- AIM OF THE EXERCISE -
In the records below, find the line with "Tricolor Asian Jasmine", then copy each line exactly until you have copied the line with "Bogdan Jaworek z". Leave any picture out.

- DATA SHOWN -
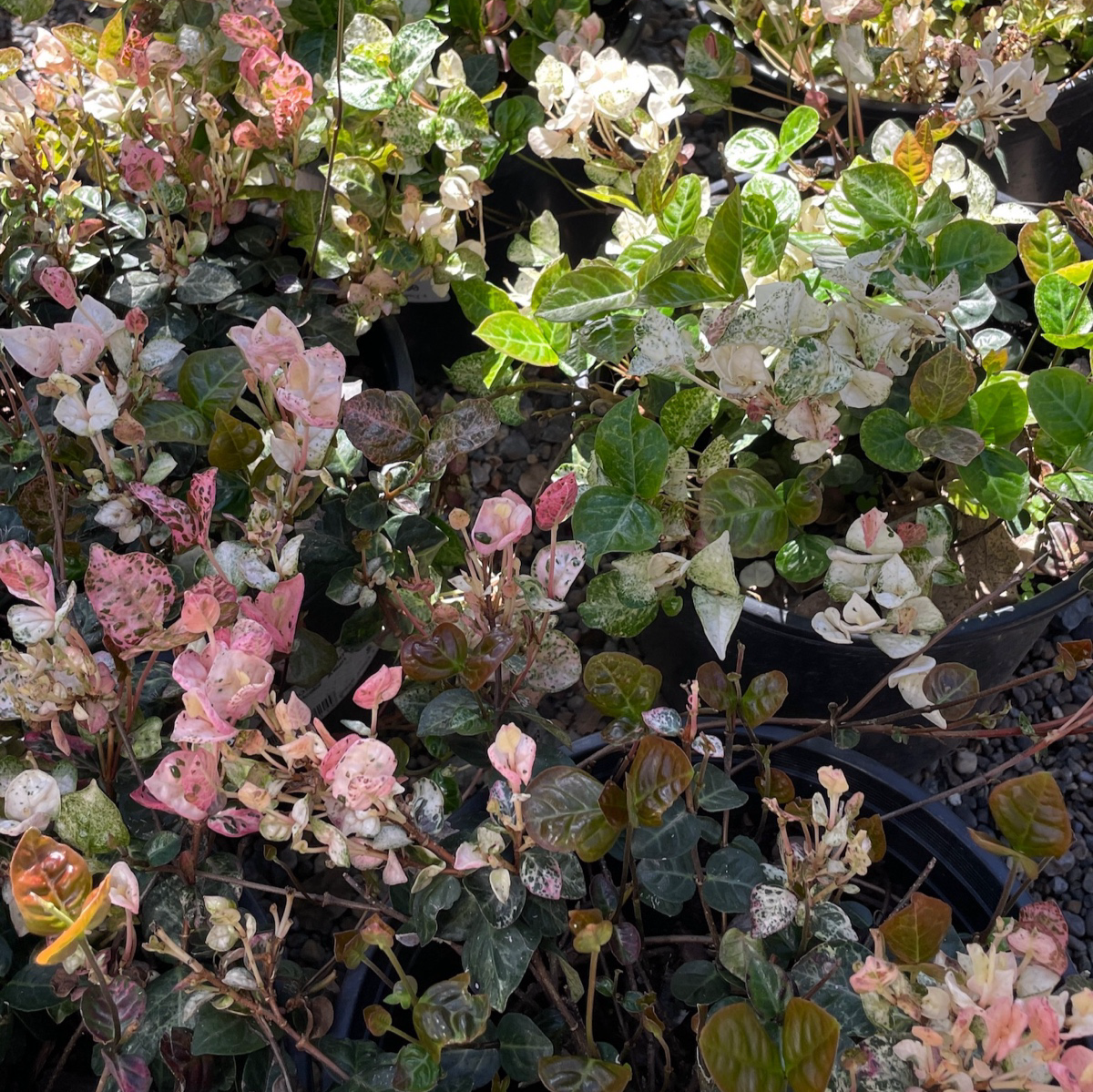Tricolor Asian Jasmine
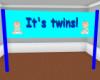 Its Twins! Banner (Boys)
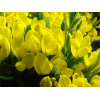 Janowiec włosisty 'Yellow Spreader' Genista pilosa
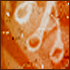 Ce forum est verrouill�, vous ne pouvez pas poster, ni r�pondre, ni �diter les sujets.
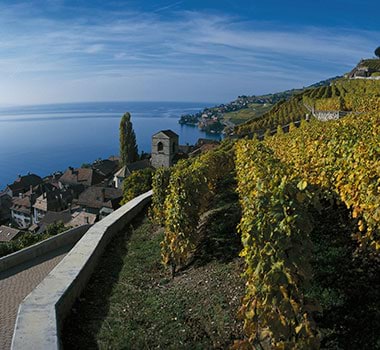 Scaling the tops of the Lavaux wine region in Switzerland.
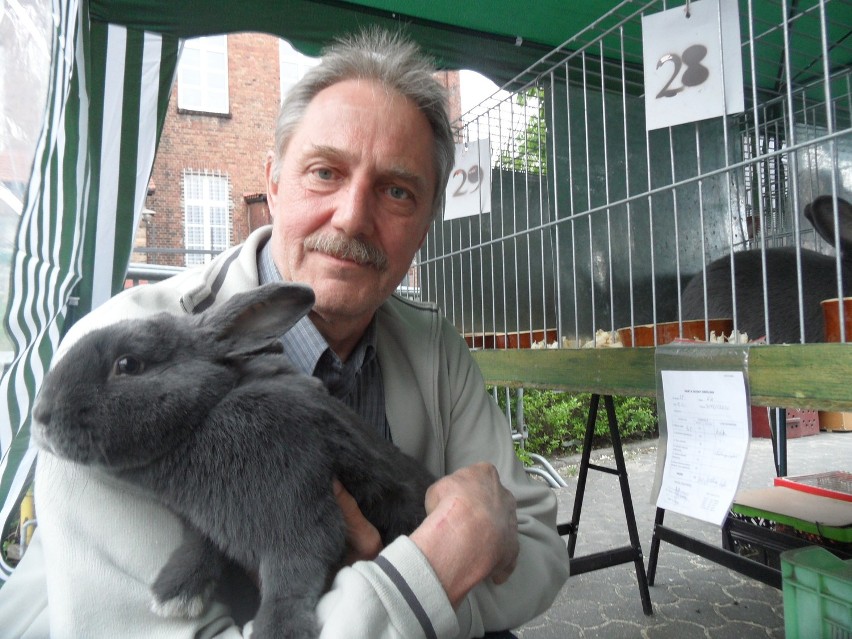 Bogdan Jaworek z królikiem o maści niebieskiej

==

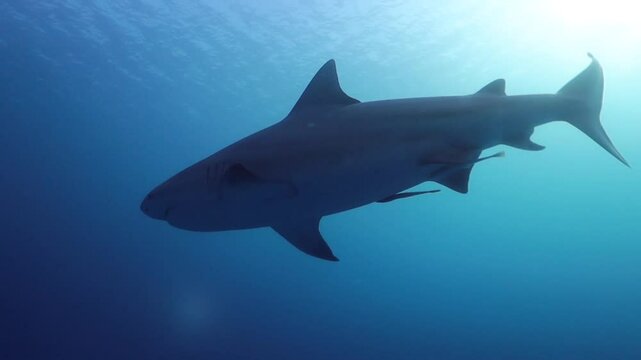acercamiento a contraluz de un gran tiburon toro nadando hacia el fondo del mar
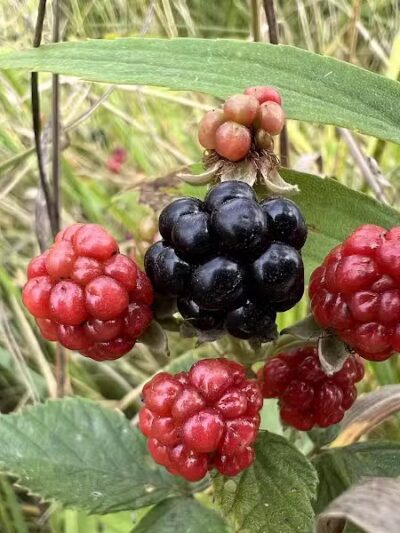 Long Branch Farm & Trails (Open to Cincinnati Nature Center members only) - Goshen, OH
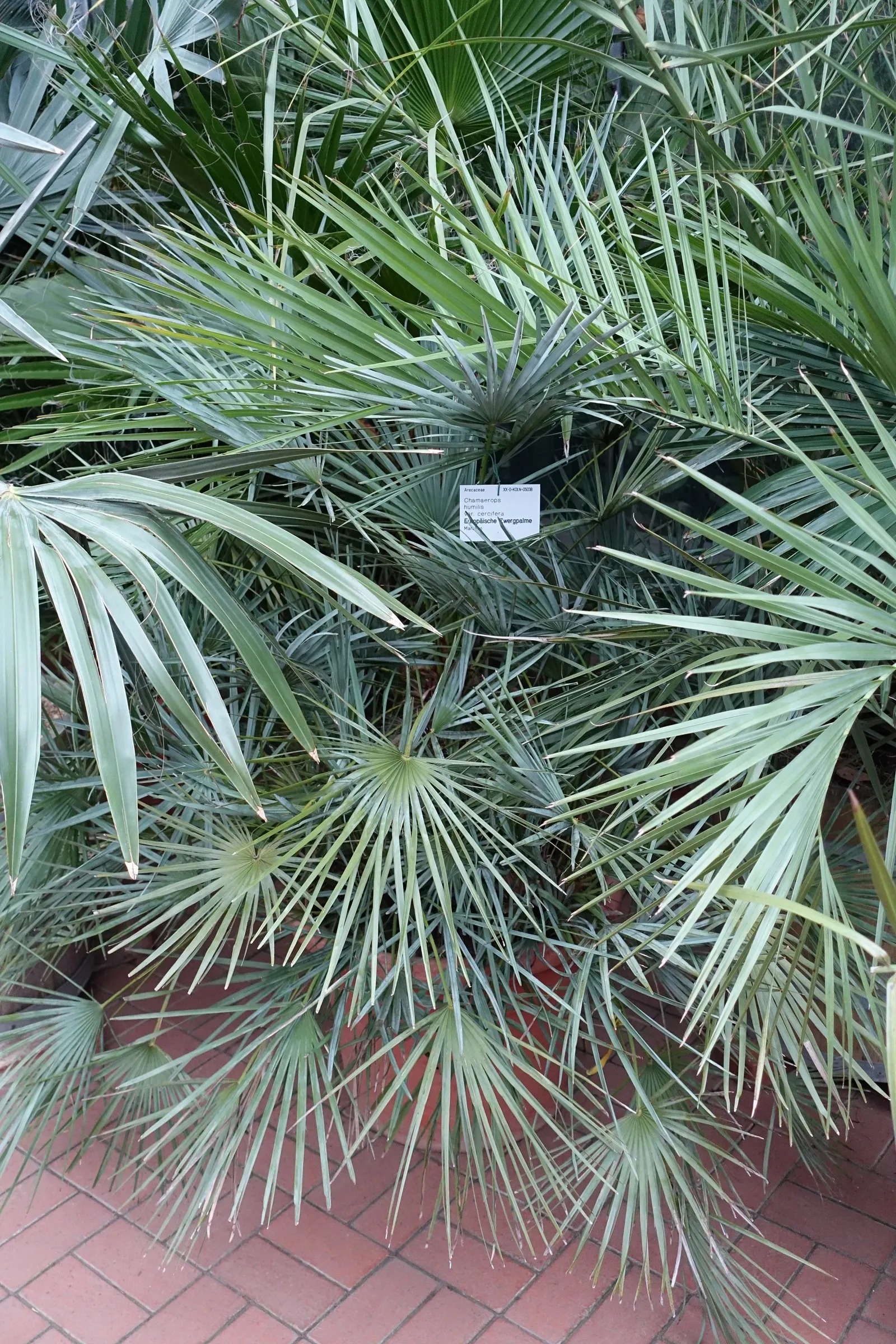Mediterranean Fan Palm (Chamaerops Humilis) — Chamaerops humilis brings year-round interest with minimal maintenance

---

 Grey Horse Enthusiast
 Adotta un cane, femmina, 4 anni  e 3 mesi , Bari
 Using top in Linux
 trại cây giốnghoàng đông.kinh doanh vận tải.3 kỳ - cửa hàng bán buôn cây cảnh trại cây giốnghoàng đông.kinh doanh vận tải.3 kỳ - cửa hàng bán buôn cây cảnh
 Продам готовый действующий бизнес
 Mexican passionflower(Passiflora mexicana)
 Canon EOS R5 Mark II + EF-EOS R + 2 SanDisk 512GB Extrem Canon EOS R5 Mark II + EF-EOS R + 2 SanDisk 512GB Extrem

- REPLY -
Tricolor Asian Jasmine
 Its Twins! Banner (Boys)
 Janowiec włosisty 'Yellow Spreader' Genista pilosa
 Ce forum est verrouill�, vous ne pouvez pas poster, ni r�pondre, ni �diter les sujets.
 Scaling the tops of the Lavaux wine region in Switzerland.
 Bogdan Jaworek z królikiem o maści niebieskiej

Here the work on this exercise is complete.